Unfortunately I've been unable to keep up the practice for more than a couple
of weeks after I get back from a course. I'm not even sure why ... I really
enjoy it when I do meditate daily. Something to work on.

I really should do another course (<http://www.rasmi.dhamma.org/>) to see if I
can get back into it. When I do go back I'll probably follow it up with a
10-day stint of kitchen duties as well; about time I gave back.

------
sharadgopal
A couple of years ago, I was able to sit still and focus on my breathing, for
upto 30 minutes at a stretch, and those days I felt more at peace with myself.
It was like internal 'world peace' and harmony. Of late I haven't been able to
sit still for longer than 15 minutes even when I try, but that may have a lot
to do with the fact that I am in college, and constantly juggling n number of
things.

These are some previous discussions that you might find useful:

<http://news.ycombinator.com/item?id=454146>

<http://news.ycombinator.com/item?id=612276>

<http://news.ycombinator.com/item?id=1462178>

<http://news.ycombinator.com/item?id=1471244>

------
ikeepadiary
I've been meditating with different levels of practice for the last 7 years. I
also attended a 10-day vipassana course (taught by s.n. goenka
(<http://dhamma.org>). Recently, I've been sitting at least 30-60 minutes per
day.

For the last two months, I've been sitting while wearing the NeuroSky Mindset
and using it to record my brainwaves as I meditate!

The Mindset is a $200 BCI (brain-computer interface) that looks like a pair of
headphones. It measures the electrical activity of your brain via 4 "dry
sensors" and sends the raw 8-channel feed of your electrical brainwave
activity (alpha, beta, gamma, delta, etc) wirelessly via Bluetooth to your
computer. Additionally, the chip in the headset has algorithms that interpret
the raw data stream and give readings of "attention" and "meditation."

The manufacturer has put together a pretty decently documented developer
center with several different APIs you can use to create games and
applications that make use of the headset.

The fancy headset costs $200: <http://store.neurosky.com/products/mindset>

Here's a link to the developer center: <http://developer.neurosky.com/>

I haven't written any apps yet, but I've been using this app to record and
chart the brainwaves in my sessions over time:
"[http://store.neurosky.com/collections/alchemy/products/medit...](http://store.neurosky.com/collections/alchemy/products/meditation-
journal)

After I get a couple more weeks data recorded, I plan on writing up a longer
post!

If anyone in the NYC area would like to come over and have their brainwaves
recorded and try it out, give a shout. I'm in the East Village and I'd love to
compare my brainwaves to other people interested in meditating and seeing some
sort of "tangible" measure of "progress."

------
radu_floricica
Compares favorably to modafinil. Well, in my case modafinil tends to give
headaches, so it loses by default, but comparing 50 mg to 10 minutes of
meditation:

\- meditation works faster - 10 minutes compared to about 1 hour for modafinil

\- meditation tends to be shorter term (but it varies) - 2-4 hours vs ~6

\- modafinil has several side effects (though your mileage may vary)

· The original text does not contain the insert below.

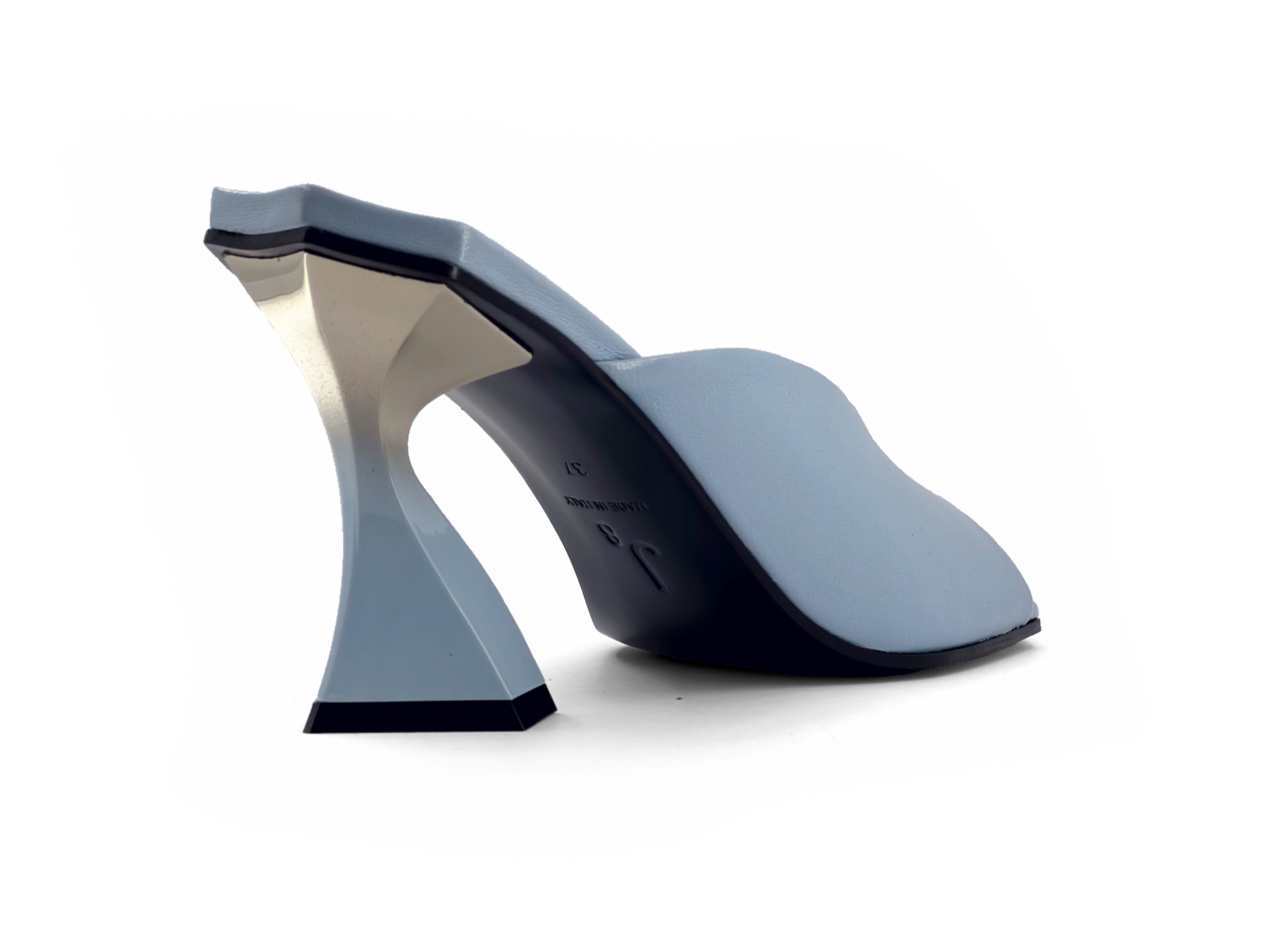 Pastel blue high-heel mules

\- meditation kills most of my social instincts. Unless I focus on
interaction, I tend to be really quiet and slightly non-responsive. But if I
do try to focus on being social, it's ok.

------
michaelty
I'm curious how the MagicRuby group is doing.

------
miha123
Do hackers meditate? And if they do, what it is having to do to the condition
of "hacker"? Maybe ask "do taxi drivers, meditate?" or "do traffic police
meditate?"

------
phlux
When I was between the ages 16 until I was about 22, I would meditate for at
least 1 hour per day - at night prior to going to bed.

I would just focus on my breathing. If I had anything in my mind - I would
choose a mono syllabic word to repeat over and over in my head, once with each
inhalation and once with each exhalation.

I would breath slow and deep, typically, however - when I was focused on
healing myself after strenuous workouts - I would breath more rapidly.

I was doing bujinkan six days a week for at least 4 hours per day.

I have recently been trying to regain that level of discipline in my
meditation as the correlation between my awareness, my mental fitness and
ability to focus while I was meditating then was amazing.

I am now 36 - and I regret very deeply not continuing to have this as my daily
routine for the last decade.